Information shown: Begin

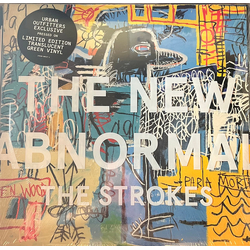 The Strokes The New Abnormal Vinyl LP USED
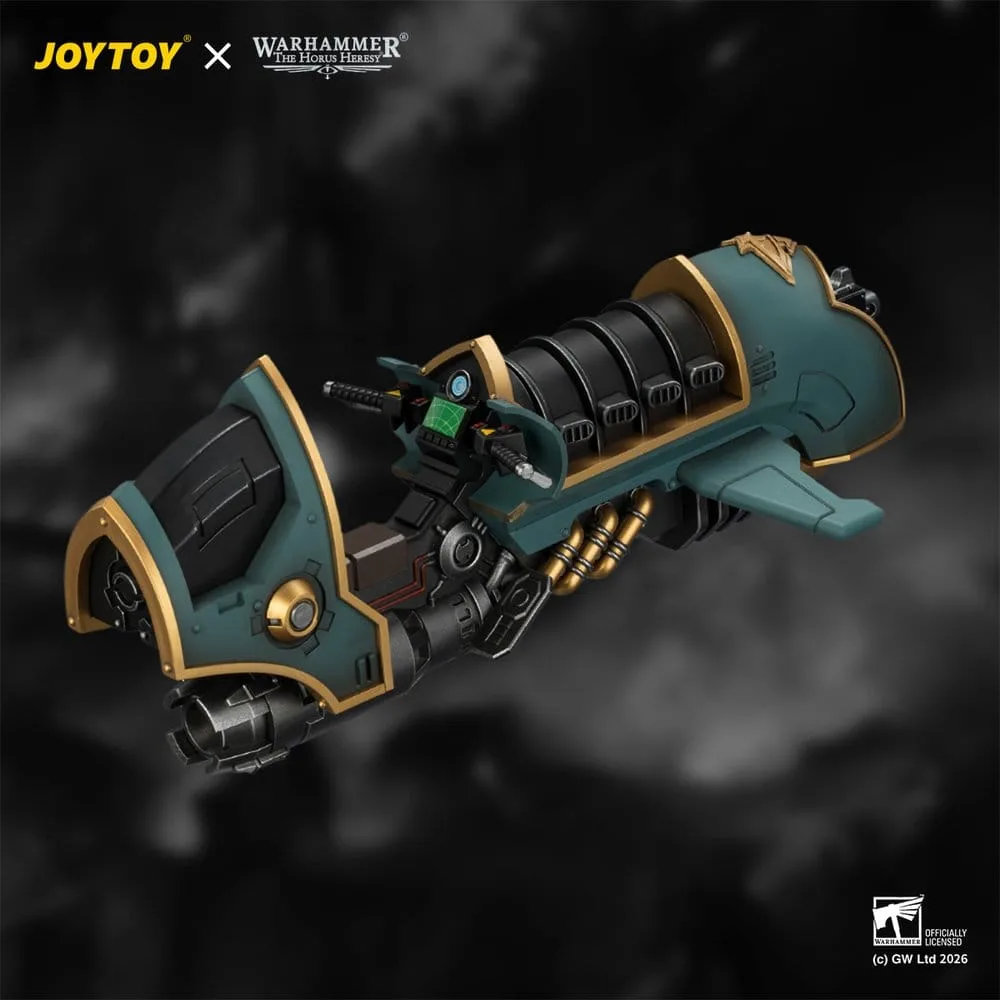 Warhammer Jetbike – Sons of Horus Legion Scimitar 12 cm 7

Information shown: End
Information shown: Begin

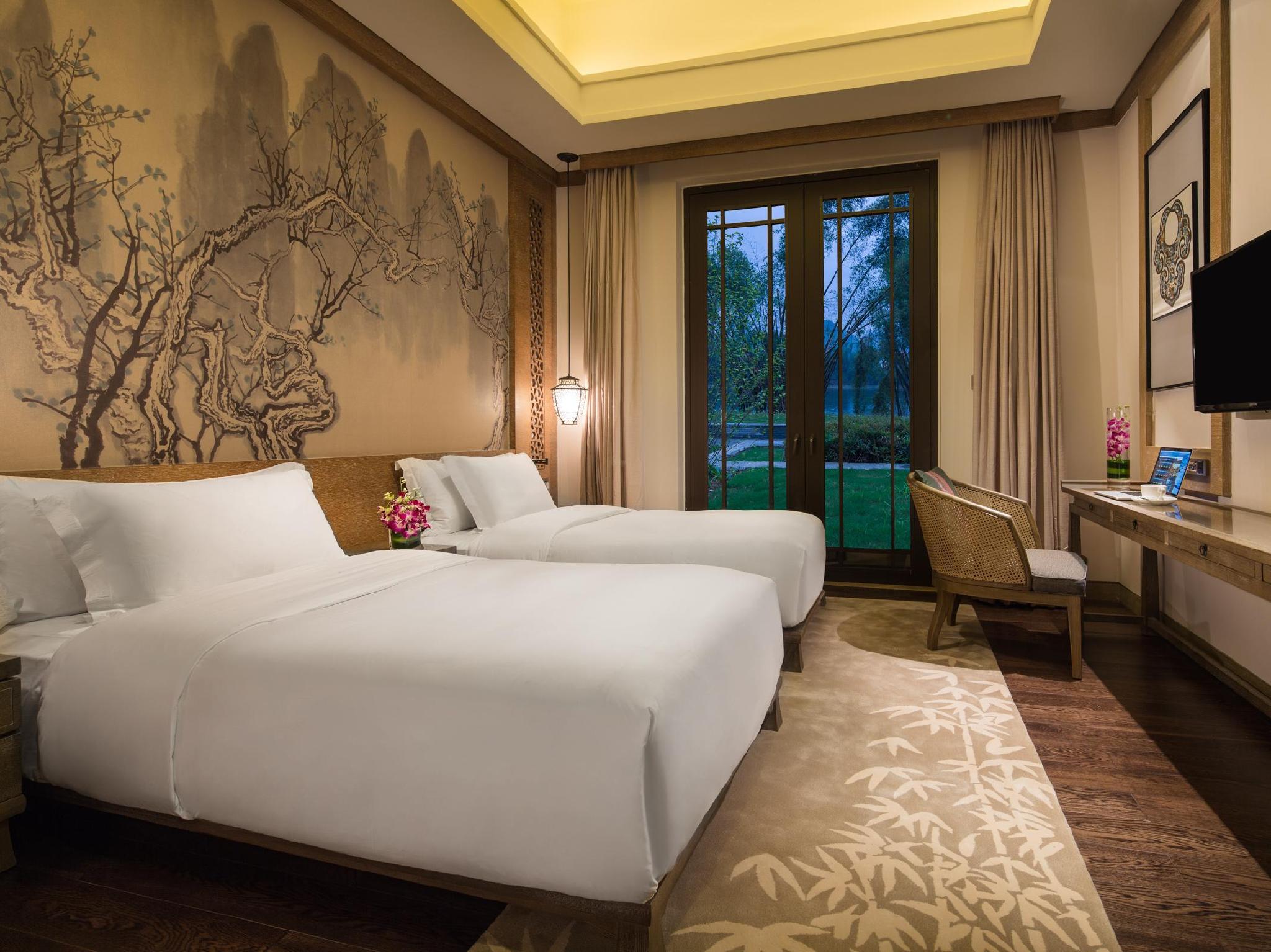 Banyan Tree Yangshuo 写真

Information shown: End

All lines above starting at the one with "The Strokes The New Abnormal Vinyl LP USED" and ending at the one with "Warhammer Jetbike –", inclusive, are to be printed again exactly, with the pictures left out.

 The Strokes The New Abnormal Vinyl LP USED
 Warhammer Jetbike – Sons of Horus Legion Scimitar 12 cm 7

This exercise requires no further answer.